### WHAT YOU HAVE TO DO
Every line from the one with "Kutch state –" to the end of the data needs to be copied exactly, and no line before it.
--*--
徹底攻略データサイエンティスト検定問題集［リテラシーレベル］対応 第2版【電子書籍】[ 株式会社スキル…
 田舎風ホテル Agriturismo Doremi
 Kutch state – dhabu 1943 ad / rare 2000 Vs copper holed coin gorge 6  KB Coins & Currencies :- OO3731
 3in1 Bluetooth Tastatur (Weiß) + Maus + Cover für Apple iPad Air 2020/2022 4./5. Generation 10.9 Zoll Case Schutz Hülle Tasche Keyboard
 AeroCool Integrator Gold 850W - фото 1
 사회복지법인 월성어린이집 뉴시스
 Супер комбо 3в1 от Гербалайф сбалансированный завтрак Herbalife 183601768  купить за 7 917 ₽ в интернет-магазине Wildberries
--*--
### EXERCISE RESPONSE
 Kutch state – dhabu 1943 ad / rare 2000 Vs copper holed coin gorge 6  KB Coins & Currencies :- OO3731
 3in1 Bluetooth Tastatur (Weiß) + Maus + Cover für Apple iPad Air 2020/2022 4./5. Generation 10.9 Zoll Case Schutz Hülle Tasche Keyboard
 AeroCool Integrator Gold 850W - фото 1
 사회복지법인 월성어린이집 뉴시스
 Супер комбо 3в1 от Гербалайф сбалансированный завтрак Herbalife 183601768  купить за 7 917 ₽ в интернет-магазине Wildberries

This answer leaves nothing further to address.